平成18(2006)年「普及版」が夏目書房より刊行。
平成26(2014)年11月25日、初めて中公文庫化された。
長年、読みたいと思っていた本が文庫化されることは利便性の観点から
うれしいことである。
林房雄は明治36(1903)年生まれ。
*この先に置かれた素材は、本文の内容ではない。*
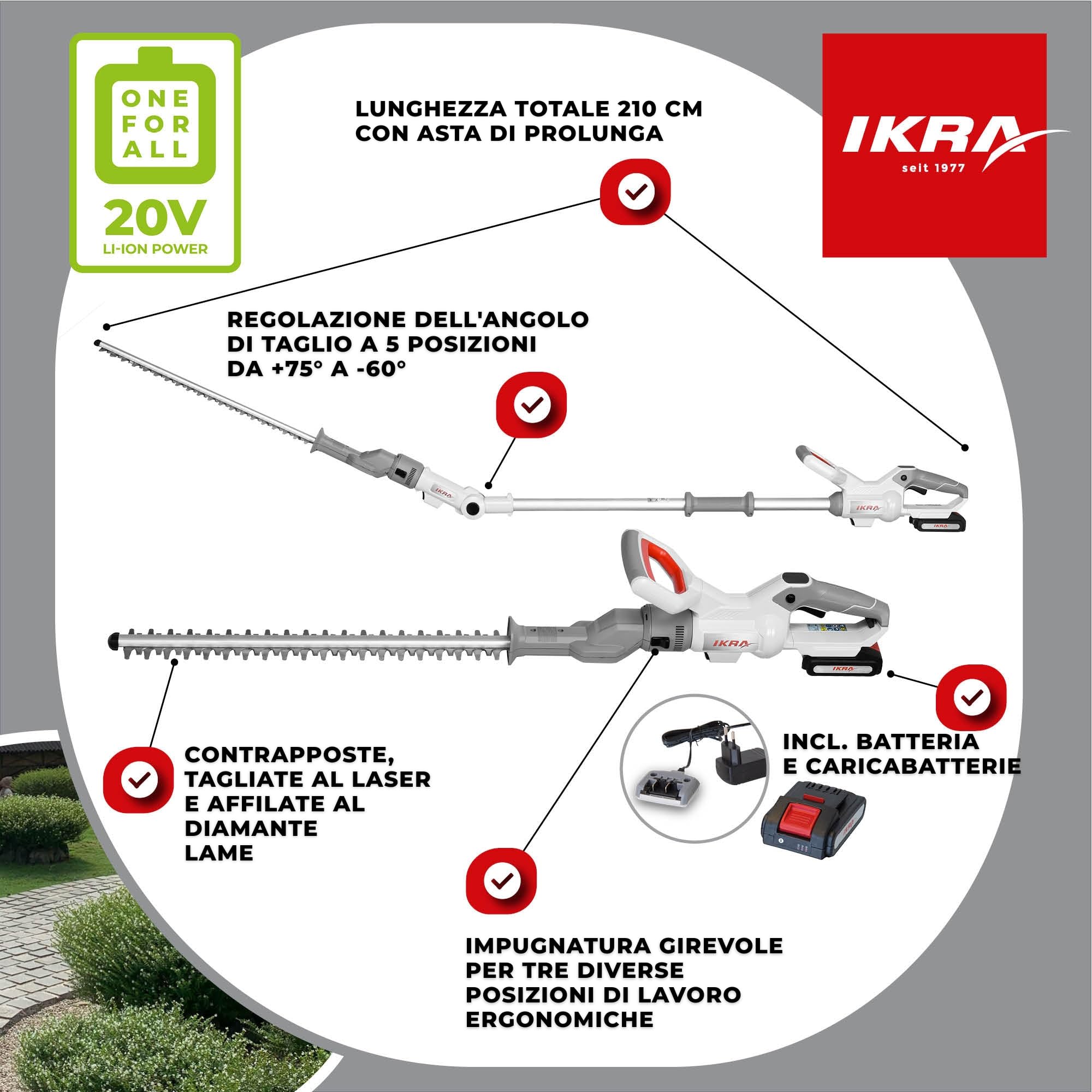 IKRA tagliasiepi a batteria 2in1 ICPH 2050 con asta telescopica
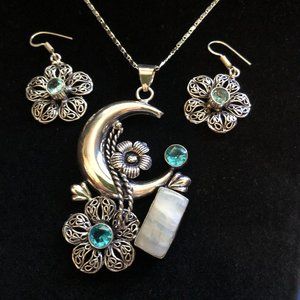 Flower Moon Rainbow Moonstone Blue Topaz Gemstone 925 Necklace + Earrings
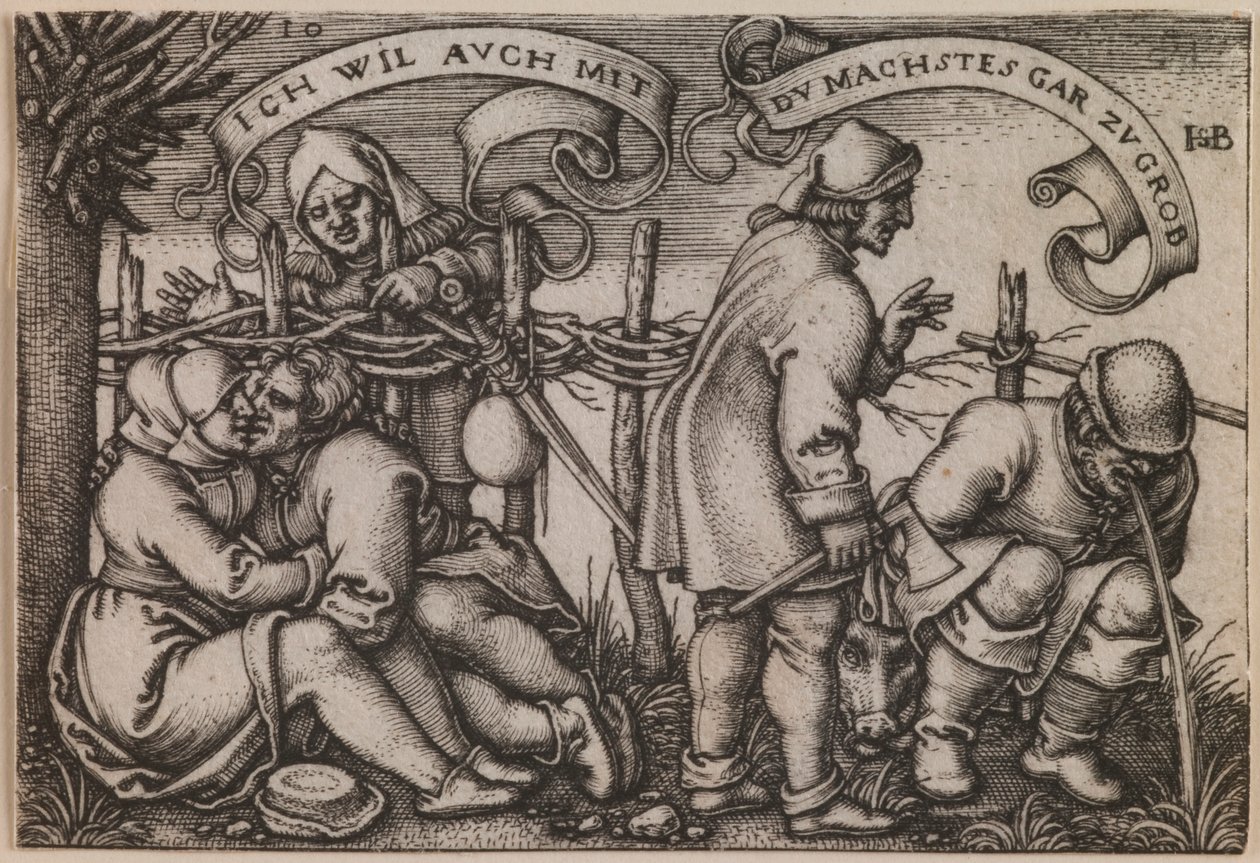 Paysans derrière la haie de la série La fête des paysans ou Les douze mois - Sebald Beham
熊本の五高から東京帝大法科に進
学している(中退)。
林の生きた時代は、
20歳頃・・・・・・ワシントン会議、関東大震災
30歳頃・・・・・・満州事変、国際連盟脱退
40歳頃・・・・・・太平洋戦争
50歳頃・・・・・・サンフランシスコ講和条約
60歳頃・・・・・・本書を執筆
である。
<目次>
1. 東亜百年戦争
2. 薩英戦争と馬関戦争
3. 明治維新と英仏謀略戦
4. 征韓論
5. 武装せる天皇制
6. 日清戦争と三国干渉
7. 日露戦争の推進者
8. 右翼とファッシズム
9. ホーマー・リー氏の日米必戦論
10. 朝鮮併合
11. 条約改正
12. 昭和動乱の思想的背景
13. 満州事変の序曲
14. 内政派と外政派
15. 日中戦争への発展
16. 昭和維新
17. 大東亜戦争開戦
18. ナショナリズムには牙がある
19. 日本・アジア・世界
○本書の主張(結論)は、大東亜戦争は、江戸時代弘化年間(1845年頃)
から始まる100年戦争の終曲(終局?)であった。現在(昭和40年当時)
の日本には休養をすすめる、というものである。
○本書は、明治維新前から太平洋戦争終戦までの歴史というよりは、そ
の間の事件に関する一考察という論考を積み重ねたものとなっている。
○本書には他の書物等からの引用が豊富である。(「昭和30年代半ばま
での左翼・右翼、そして中立系の作家、評論家の論も手際よく紹介して
いるので、その時代の様相がはっきりとわかってくる」[保阪正康氏])。
これはおもしろい。
○本書を読むには、日本の近現代史に関する、ある程度の知識があった
方がいいかもしれない。本書をもとに『林房雄「大東亜戦争肯定論」を
読む』とか『コンメンタール「大東亜戦争肯定論」』を出版するとおも
しろいだろう。佐藤優氏の出番かしらん。
○保阪正康氏の言葉を借りれば、「林氏の筆調の背景には、むろん林氏
の年代からくる近代日本の価値体系の随伴者という同時代者の発想
がいたるところにある」。
○本書には、林房雄およびその同時代者の一部(?)の「感情」が作家ら
しい、巧みな文章と論理で表現されていると言えるのかもしれない。
○本書には、例えば「幣原外交とは、一言で言えば、ワシントン体制への
適応であり、アメリカの対アジア政策への屈服であった」とある。
吉田茂(元首相)が言うように、「満州事変から太平洋戦争に至る日本
の対英米関係の狂いは、歴史の大きな流れから見れば、日本の本来の姿
ではなくて、ただ一時の変調であった」(吉田茂『回想十年』)とし、
明治維新以来、日本の底流は断然親英米(英米友好)だった。
実際、戦前(太平洋戦争前)の大衆文化はアメリカ的だった--そういう
見方はなぜかしらん採られていない。
当然のことながら、昭和40年以降の新しい史実(資料、証言など)は織り
込まれていない。
また、戦前の強硬世論をリードした、朝日新聞などの責任は採り上げて
いない。
本書が書かれたのは、戦後18~20年たってのことだったが、文庫化さ
れるには戦後70(69)年(書かれて50年)という時間が必要だったのか
しらん。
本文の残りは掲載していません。